Speciation of Iron and Uranium in Sediments Collected at Savannah River National Laboratory


Maxim Boyanov1,2* (mboyanov@anl.gov), Edward O’Loughlin1, Pamela Weisenhorn1, Anthony Boever3, Martial Taillefert3, Brian Powell4, Connor Parker4, Daniel Kaplan4, Kenneth Kemner1


1Argonne National Laboratory, Lemont, IL; 2Bulgarian Academy of Sciences, Sofia, Bulgaria; 3Georgia Institute of Technology, Atlanta, GA; 4Clemson University, Clemson, SC; 5University of Georgia, Athens, GA



The M Area Fuel Fabrication Facility at the Savannah River Site manufactured nuclear fuel and target assemblies between 1954 to 1989, resulting in significant discharge of uranium and co-contaminants (e.g., nickel, chromium, zinc, and lead) into Tims Branch (a small second-order stream) and associated riparian wetlands. The natural processes occurring in these environments are complex and control elemental dynamics through various reactions, such as adsorption, precipitation, and particle transport. The Argonne (ANL) Wetland Hydro-biogeochemistry SFA focuses on providing the molecular-level information for relevant biogeochemical reactions to enable their inclusion in predictive models of the system. To better understand the redox dynamics in wetland sediments researchers collected ~30 cores from saturated and unsaturated locations along Tims Branch and characterized them at the Advanced Photon Source.

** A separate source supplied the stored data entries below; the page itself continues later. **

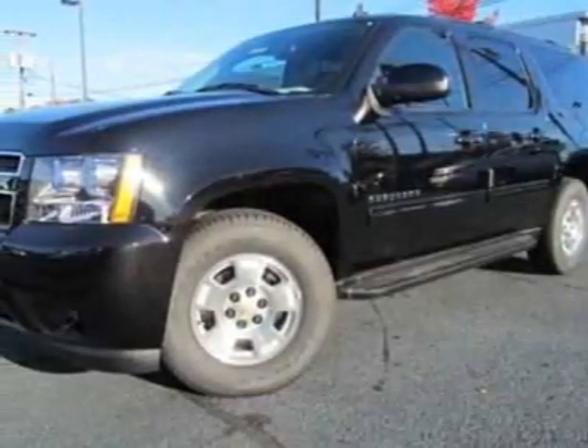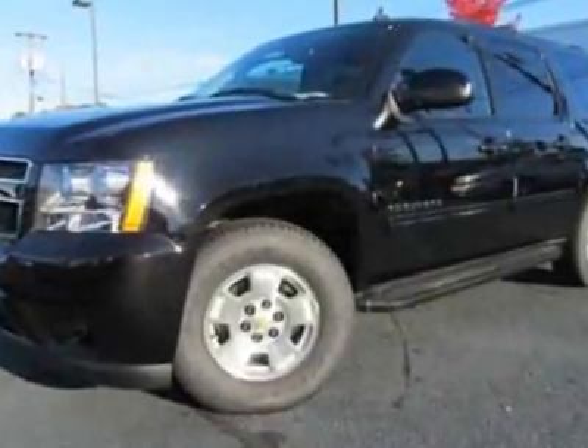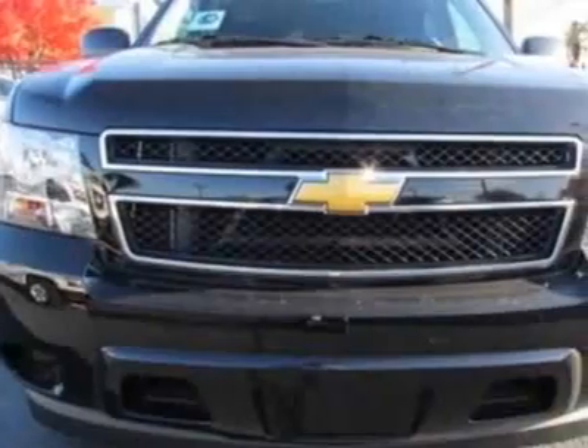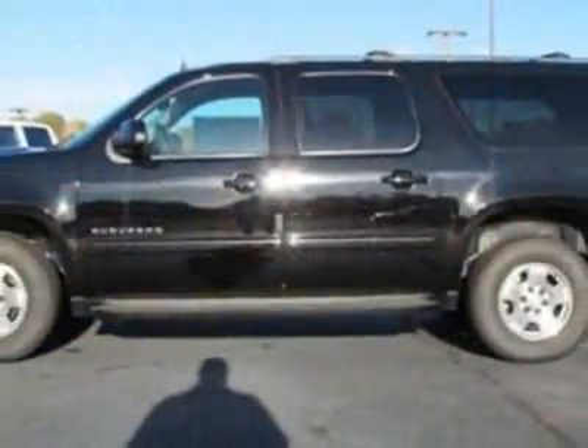Take a look at this new 2012 Chevrolet Suburban. For your protection, this vehicle has a full factory warranty. This vehicle gets an estimated 15 miles per gallon in the city and an estimated 21 on the highway.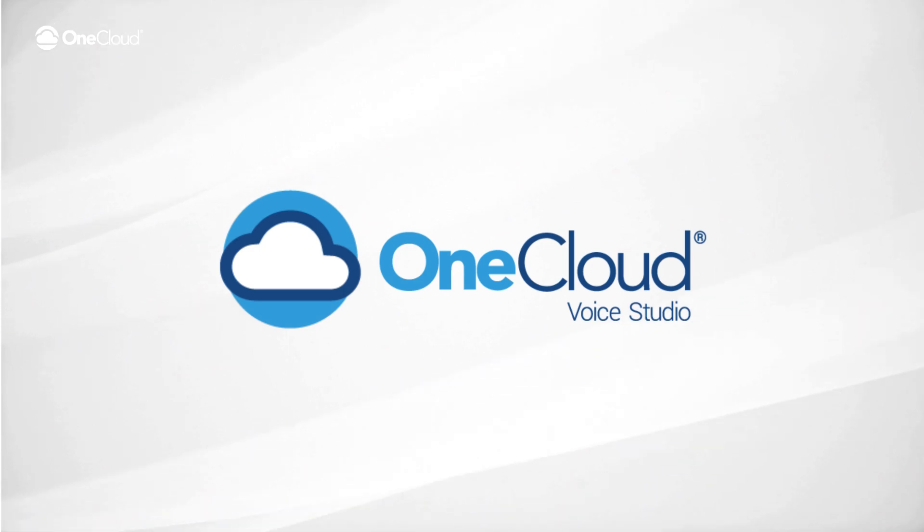Ben with OneCloud here, ready to make your business sound as awesome as it truly is? Say hello to OneCloud Voice Studio, your new best friend for automated greetings, hold music and professional voiceovers, all in one easy to use tool.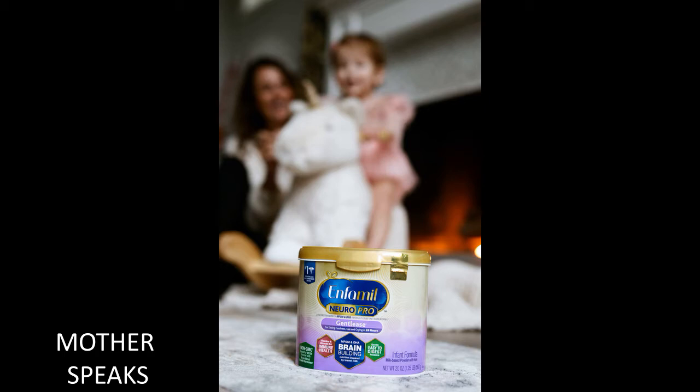I did a lot of research while I was pregnant on the right formula for us. Although our friends and family recommended Enfamil NeuroPro Gentlease, we still wanted to make sure we looked at all of the options. Here are the reasons we chose Enfamil NeuroPro Gentlease formula other than word of mouth.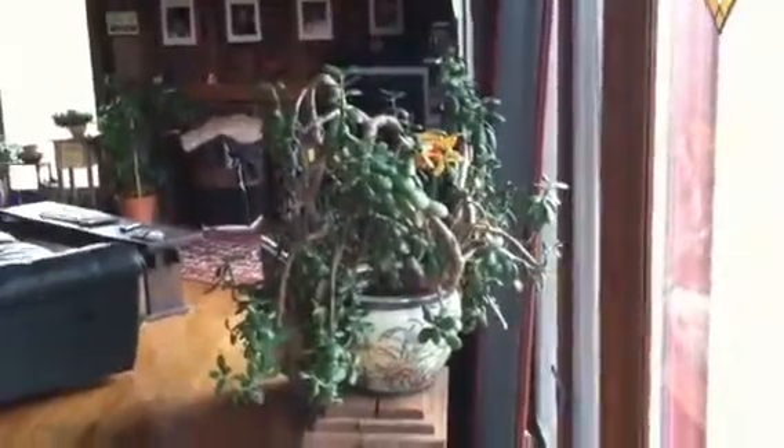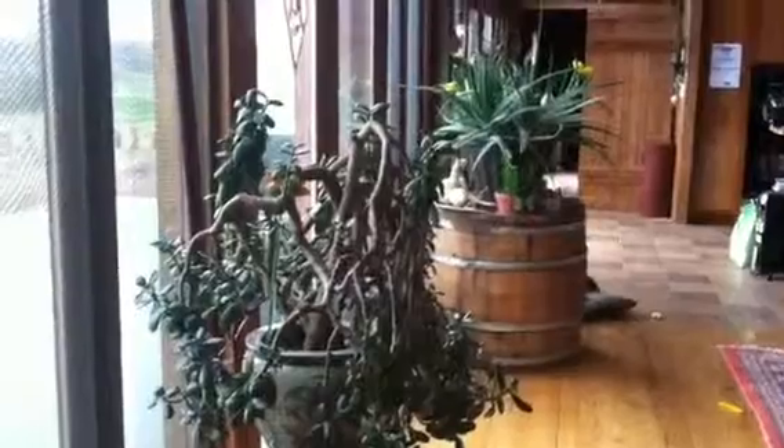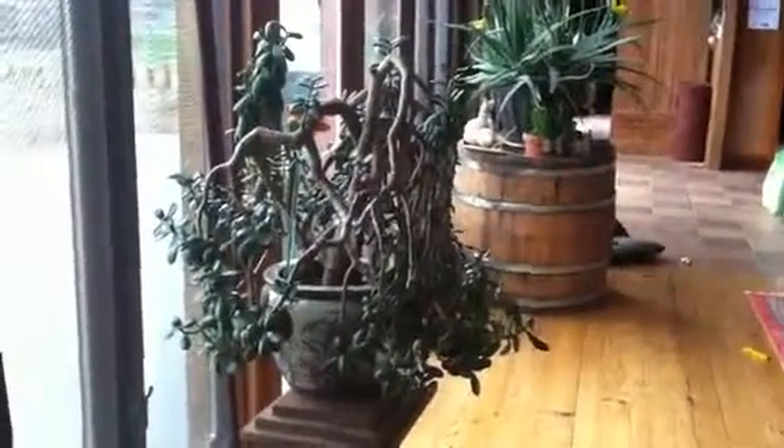Look how big it is. It's on a big old wine barrel. Here's a little jade tree — she really needs to go outside. You can see the aloe plant there. It's on a wooden pedestal, that jade tree.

Iron (Fe) and uranium (U) were primarily in their oxidized forms in near-surface sediments that remained dry. In below-surface, organic-rich areas of saturated sediments, researchers found reduced Fe species that are present in clays, oxides, and associated with organic matter. Uranium found in the same areas was reduced to U(IV) in the form of adsorbed complexes (i.e., not mineralized). Molecular U(IV) species are not yet described in thermodynamic databases and therefore not considered in transport models. This disconnect between modeled and actual species is likely to cause significant uncertainties in the predicted behavior of U in such environments. The dynamic redox nature of wetlands further complicates predictive understanding of the system—in gaining stretches of the stream, the Fe(II) in emerging groundwater oxidizes to form visible orange flocs, which Fe extended X-ray absorption fine structure spectroscopy determined to be composed of ferrihydrite and lepidocrocite. The oxides and contaminants found in these Fe flocs can experience redox transformations, which will affect their stability and transport as particles and as dissolved species. In addition to characterizing the flocs collected at the field site, researchers are also carrying out incubation experiments in the laboratory to determine the molecular speciation of Fe and the contaminants under alternating redox conditions (see ANL SFA poster by O’Loughlin et al.).